Closed github-actions[bot] closed 4 months ago
@Jutho could you please push this through. Thanks
I think @lkdvos checked and noticed that we cannot simply do this without having to also update our implementation/package extension, due to breaking changes.
Sadly it's quite a bit of work since cuTENSOR has changed their interface. It's definitely somewhere on my to do list, but for now I think cuTENSOR v1 works just fine?
I believe cuTensor restricts me to GPUArrays 9 which has a memory double free issue when using multiple threads. I was hoping to update to 10 but I believe this compat is restricting me.
If its a big change dont worry my code still runs all be it with a bunch of errors printing out.
Apparently this issue can cause crashes. To be clear this only happens when using TensorOperations (and more specifically GPUArrays.jl) inside of multiple separate threads. In my case I have one thread per GPU.
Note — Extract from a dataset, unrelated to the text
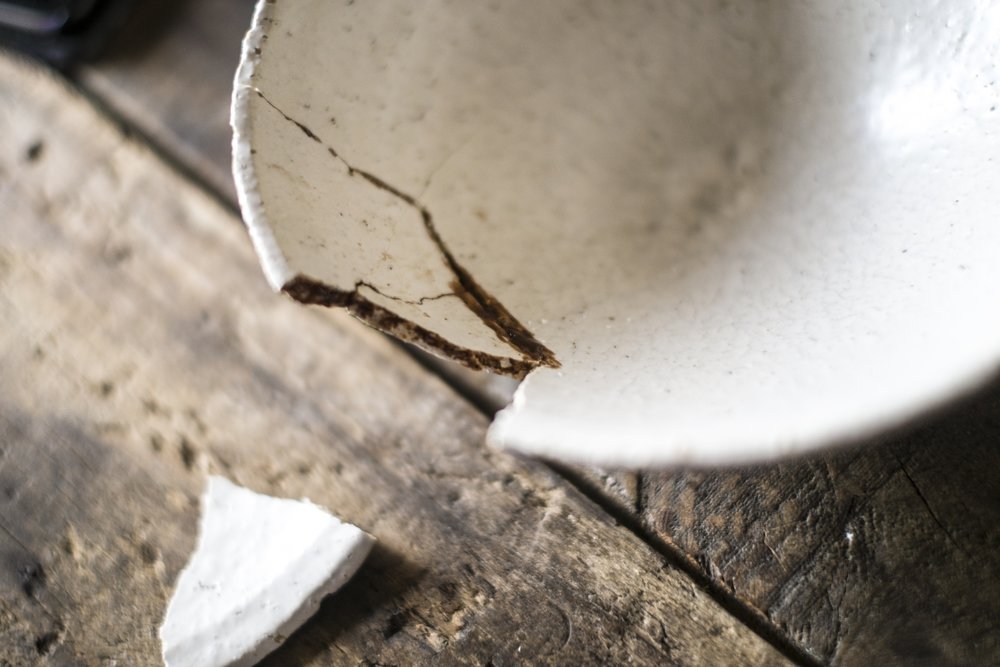 金継ぎ割れてるお皿 kintsugi broken plate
I started some work on moving to the new interface. I think it should be working for plain CuArray
s, but I am still deciding on how to implement views/stridedviews, so for now that will have to wait.
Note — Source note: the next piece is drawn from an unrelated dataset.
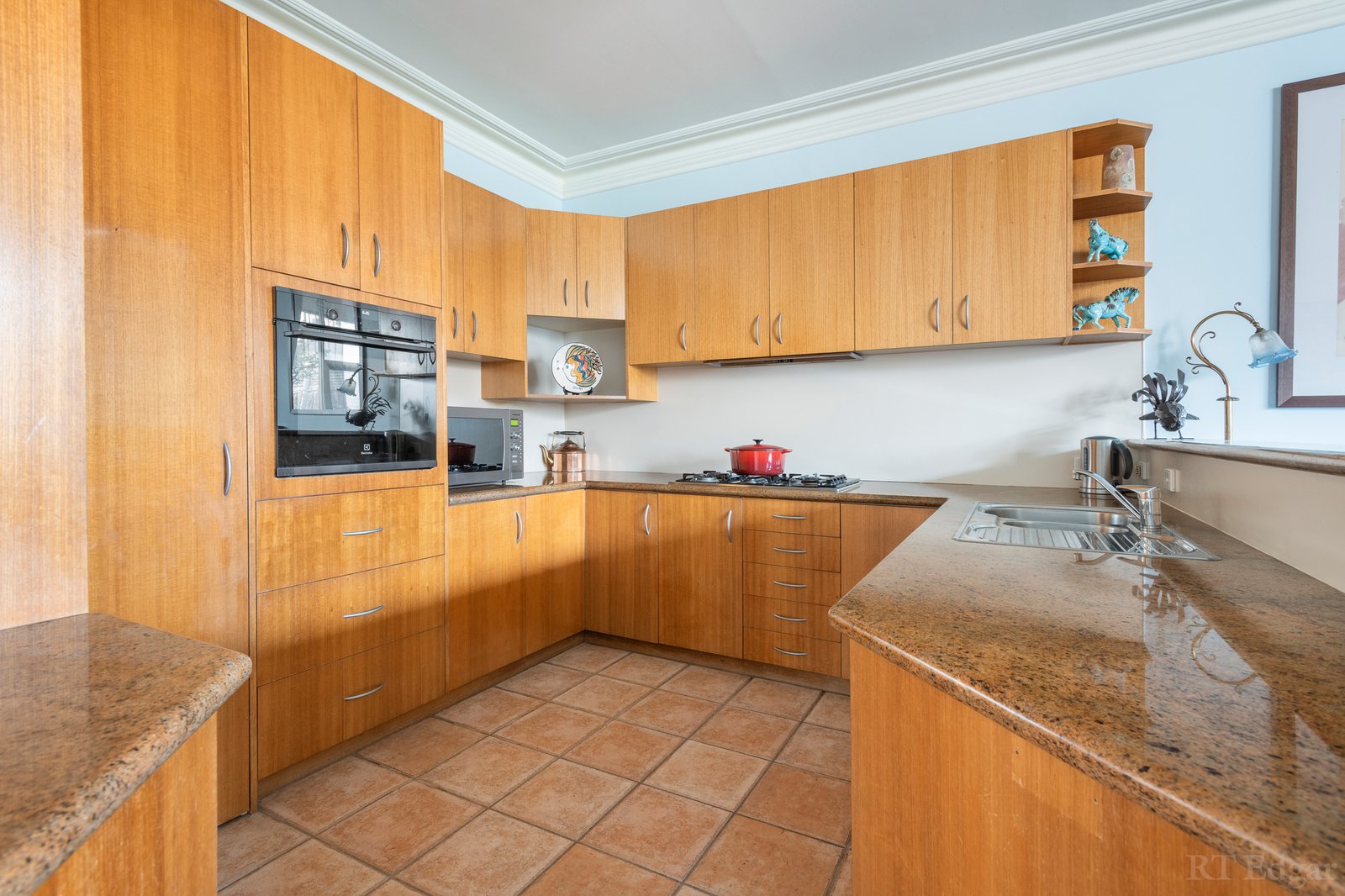 Real Estate and Property in 39 Albert Street, East Melbourne, VIC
If you try it out, do let me know if there are any obvious errors?
I also just noticed that cuTENSOR 2 requires julia 1.8, which I am not too happy about. I think this means we either need to keep two different versions of TensorOperations, for 1.6-1.7 with cuTENSOR 1 and for 1.8+ with cuTENSOR 2, or I would have to come up with a way of keeping the old code if julia is below 1.8. Maybe we can consider also restricting to julia 1.8, but I didn't see the need to do that here just yet
I'll test it out, thanks for making some changes!
For the record here is the issue on GPUArrays: https://github.com/JuliaGPU/GPUArrays.jl/issues/503
Awaiting the result of https://github.com/JuliaGPU/CUDA.jl/pull/2356 to simplify the implementation further.
I think this is ready to go in principle. All it requires is the tagged version of the changes in cuTENSOR, so let's wait for that and then get this merged. I think we can still do a minor release upgrade for this, but we should probably get the v5 thing started asap.
The CUDA updates have been tagged, so this is only waiting for cuTENSOR to tag its updates now.
Some comments:
The cuTENSOR updates got tagged, this is now all good to go. @Jutho , shall I merge this?
Is it ok if I try to review tonight or tomorrow morning (it's mostly a means for me to see what was changed, so that I can keep track)? If I didn't succeed by tomorrow lunch time; feel free to merge.
Is is safe to use this?
It should be; we hope to release a v5 of TensorOperations soon.
This pull request changes the compat entry for the
cuTENSOR
package from1
to1, 2
. This keeps the compat entries for earlier versions.Note: I have not tested your package with this new compat entry. It is your responsibility to make sure that your package tests pass before you merge this pull request.